In 1974 Scotland Yard detective Jack Slipper, who spent his career tracking Biggs, managed to arrest him in Rio de Janeiro

But once again Biggs managed to evade British justice.

This time he successfully argued against extradition because he had fathered a son by a Brazilian girlfriend, having started proceedings to divorce his English wife.

Evading the law

Biggs avoided arrest again in 1977 when he attended a drinks party on board a British frigate docked in Rio.

And four years later he was kidnapped by a gang of ex-British soldiers who smuggled him to Barbados by boat.

Yet again, however, he pulled off a Houdini-like escape and used extradition laws to get himself returned to Brazil.

In 1997 the British government tried and failed again to get Biggs extradited.

Ronnie Biggs was in his mid-30s when he went on the run

Biggs' notoriety meant he was able to regularly charge newspapers for the "scoop" that he was coming home.

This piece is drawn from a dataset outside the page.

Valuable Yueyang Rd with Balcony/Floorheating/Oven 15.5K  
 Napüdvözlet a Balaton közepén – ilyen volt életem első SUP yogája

He even attracted the attention of the Sex Pistols, who used him as a vocalist on at least two of their songs.

It was the Sun that finally brought Biggs home in May 2001, when he was very ill.

A statement issued by his son Michael said that his father "at the age of 71 and fearing that the end of his life is close, he has chosen to voluntarily return to this country.

"My father took this decision knowing that he would be arrested and imprisoned."

Biggs and his family denied that he returned to the UK solely to seek free health care.

Through his son he told a newspaper: "My last wish is to walk into a Margate pub as an Englishman and buy a pint of bitter."

On his return Biggs was immediately arrested and taken to high-security Belmarsh Prison to serve the remaining years of his original sentence.

In 2002, he married Raimunda Rothen, the mother of his son Michael.

Biggs' lawyers say he has since suffered two strokes and has facial paralysis, which means he cannot speak or eat.

In 2005, then home secretary Charles Clarke declined Biggs' appeal for release because his illness was not deemed terminal.

However two years later Biggs was moved from Belmarsh prison to Norwich prison on "compassionate grounds".

In December 2007, Biggs issued a further appeal asking to be released: "I am an old man and often wonder if I truly deserve the extent of my punishment. I have accepted it and only want freedom to die with my family and not in jail."

In February 2009 Biggs fell ill with pneumonia, prompting fresh calls for his release on compassionate grounds.